Die Union Mondsee präsentiert sich in diesen Wochen richtig formstark. Zuletzt gewann man drei Mal am Stück. Seit sieben Runden ist man ungeschlagen. Die Rückrundentabelle führt man an. Nur der Meister aus Bad Leonfelden traf im Frühjahr bislang öfter. Die Hälfte aller Heimpartien gewann man. Im Gesamtklassement ist man mittlerweile Achter – die beste Platzierung im bisherigen Saisonverlauf. Die DSG Union Perg ist seit nunmehr 17 Runden ungeschlagen. Zuletzt siegte man zwei Mal am Stück. In den vergangenen drei Spielen kassierte man nur einen Gegentreffer. Fünf Mal konnte man bislang in der Fremde den Rasen als Sieger verlassen. Vier der insgesamt fünf Saisonniederlagen setzte es auswärts.

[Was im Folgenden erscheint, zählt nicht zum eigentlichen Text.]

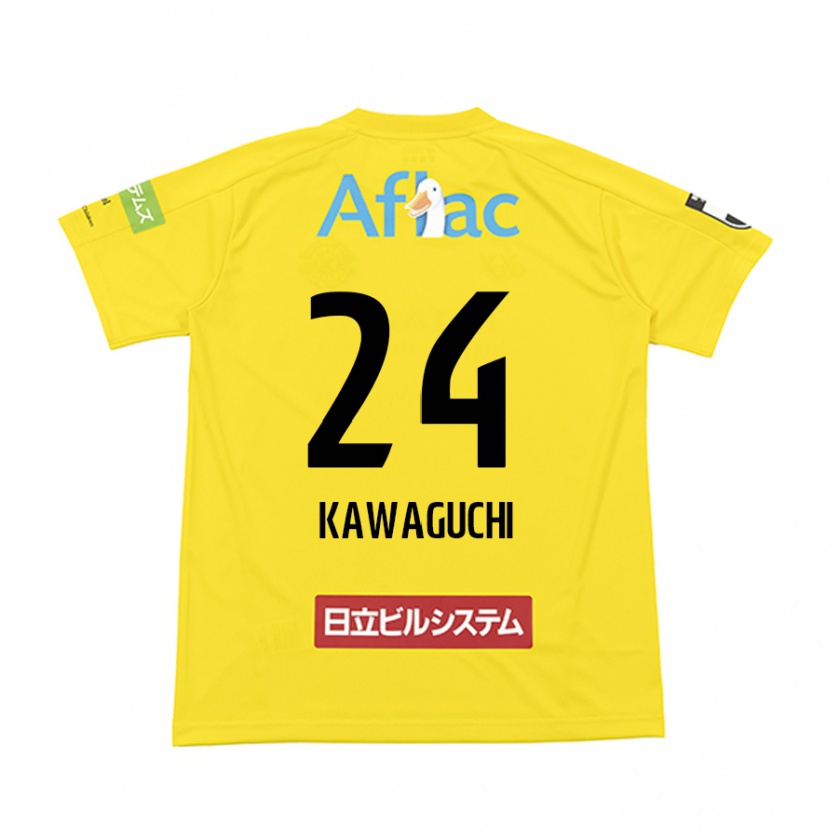 Kandiny Kinder Naoki Kawaguchi #24 Gelb Schwarz Heimtrikot Trikot 2024/25 T-Shirt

Die Union Gschwandt beeindruckte zuletzt mit einem 3:3 bei der SPG Weißkirchen/Allhaming. Davor hatte man zwei Mal in Folge verloren. Seit Ende April wartet man auf einen Sieg. Nur eine Mannschaft kassierte bislang mehr Gegentreffer. In der Heimtabelle ist man Letzter. Die SPG Edelweiss/Neue Heimat ist seit vier Runden sieglos. Zuletzt spielte man immerhin zwei Mal Remis gegen besser klassierte Teams. In der Rückrundentabelle ist man nur Zwölfter. Lediglich die SPG Pregarten schoss im Frühjahr weniger Tore als die Linzer. Auswärts reichte es bislang zu 18 Zählern in 14 Matches. Im Herbst hatte man gegen die Union Gschwandt überraschend mit 0:1 den Kürzeren gezogen.